La segunda vuelta para elegir presidente de Colombia se consagró en la constitución de 1991.

Tal como ocurrió con varias de las reformas hechas en aquella ocasión, se buscó dar un paso adelante en el fortalecimiento de las instituciones, entonces debilitadas y golpeadas por la violencia, y recoger el ansia de transformación, que se expresó en distintas modificaciones constitucionales fallidas por decisiones de la corte suprema de justicia, en el sentido de haberlas declarado inexequibles.

Es oportuno recordar ahora que el congreso había aprobado cambios relacionados con la descentralización, la reforma a la justicia y la participación democrática.

Sin embargo, aquellas no nacieron a la vida jurídica por cuanto se encontró que su trámite contrariaba los procedimientos establecidos en la época.

Desde el punto de vista político, entre otros asuntos, se disminuyó el número de congresistas, se creó la circunscripción nacional, se creó, nuevamente, la vicepresidencia, y se instauró la segunda vuelta.

Todas esas nuevas instituciones, sumadas a la consagración de la democracia participativa y la creación de los mecanismos para darle operatividad a dicho principio, buscaron abrir nuevos espacios de expresión ciudadana, y dejar atrás la democracia cerrada, que era materia de crítica constante por parte de los colombianos.
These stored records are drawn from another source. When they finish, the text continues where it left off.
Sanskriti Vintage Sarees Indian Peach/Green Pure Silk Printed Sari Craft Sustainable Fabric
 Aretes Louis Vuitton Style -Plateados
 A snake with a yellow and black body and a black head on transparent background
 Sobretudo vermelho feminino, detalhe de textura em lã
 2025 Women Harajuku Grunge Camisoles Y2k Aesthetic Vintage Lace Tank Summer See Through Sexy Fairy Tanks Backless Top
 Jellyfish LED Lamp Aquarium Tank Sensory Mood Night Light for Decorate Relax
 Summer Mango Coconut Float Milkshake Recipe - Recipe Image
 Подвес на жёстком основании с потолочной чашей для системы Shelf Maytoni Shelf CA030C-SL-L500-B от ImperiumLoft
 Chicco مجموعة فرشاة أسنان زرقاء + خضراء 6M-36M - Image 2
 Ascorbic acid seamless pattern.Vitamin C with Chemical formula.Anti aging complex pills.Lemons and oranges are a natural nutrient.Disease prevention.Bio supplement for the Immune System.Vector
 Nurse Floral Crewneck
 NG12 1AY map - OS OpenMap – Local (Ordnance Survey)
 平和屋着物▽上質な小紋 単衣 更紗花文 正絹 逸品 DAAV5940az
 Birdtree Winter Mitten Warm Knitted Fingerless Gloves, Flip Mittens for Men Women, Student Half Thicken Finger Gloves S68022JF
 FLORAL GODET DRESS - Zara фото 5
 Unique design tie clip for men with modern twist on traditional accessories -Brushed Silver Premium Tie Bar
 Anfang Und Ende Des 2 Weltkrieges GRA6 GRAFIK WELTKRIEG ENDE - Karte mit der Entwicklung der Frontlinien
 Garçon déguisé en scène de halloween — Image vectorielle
El sueño era que floreciera el régimen de libertades políticas, que los electores pudieran acudir a vías distintas a la de la representación, sin abjurar de ésta, adicionalmente a que el rechazo a lo existente pudiera canalizarse mediante caminos institucionales novedosos y directos.

Eso fue lo que se buscó.

De otro lado, con la segunda vuelta se pretendió que el presidente de la república fuera siempre la voz de la verdadera mayoría de la nación.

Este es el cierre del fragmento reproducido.